The Nuclear Regulatory Commission (NRC) has weathered budget “sequestration” well so far and has not made any employee furloughs, the NRC Executive Director of Operations Bill Borchardt said during a May 20 presentation on workforce issues.
“We have not had to implement any furloughs,” and actually had a fairly aggressive “hiring plan” in the coming year, Borchardt said during the “human capital” briefing before the commission.
After making less than 100 new hires in FY 2012, NRC is projected to make 200 new hires in FY 2013.
Borchardt and Chief Human Capital Officer Miriam Cohen were among the lead briefers during the NRC meeting that covered everything from employee age, retirements, and percentage of women and minority members in management roles.
NRC is still projected to have more than 3,500 “permanent staff on board” during FY 2013. The staff level has been flat in FY 2012 and FY 2013 after hitting its peak in FY 2010, said Susan Salter, the chief of NRC’s Outreach and Recruitment Branch.
NRC staff they can typically get “hundreds” of applications for general administrative posts and can attract 10-to-15 applications for posts that require a special engineering degree.
Staff officials told the commission that steps taken in recent years has blunted the impact of a feared “retirement tsunami” at NRC. The NRC still does have a lot of employees in their 40s, 50s and 60s, according to slides presented at the meeting.

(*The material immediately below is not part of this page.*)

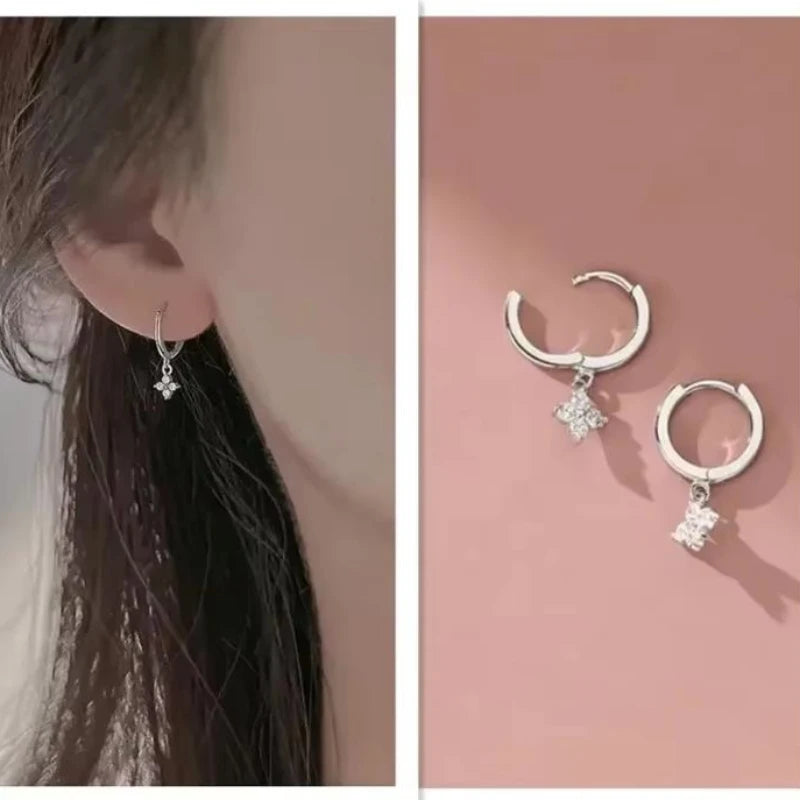 Bracelet Jonc Fleur Trèfle Cristal Zircone | Plaqué Or | Acier Inoxydable | Bijou Femme Cadeau Tendance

NRC has traditionally had a lower attrition rate than most other agencies in the government. Attrition during the past year was 6% and is expected to be 5.5% in the coming year, officials said. The large majority of people leaving the agency do so because they are retiring, NRC staff officials said.
The lack of a “nuclear renaissance” in the United States has eased NRC fear a few years back that many key NRC staff might leave the regulatory agency for better paying industry jobs. Instead, NRC has actually added some experienced people from industry looking for a better work-life “balance” NRC staff officials said.
NRC still scores well in employee surveys and is still considered one of the better places to work in the federal government, NRC briefers said.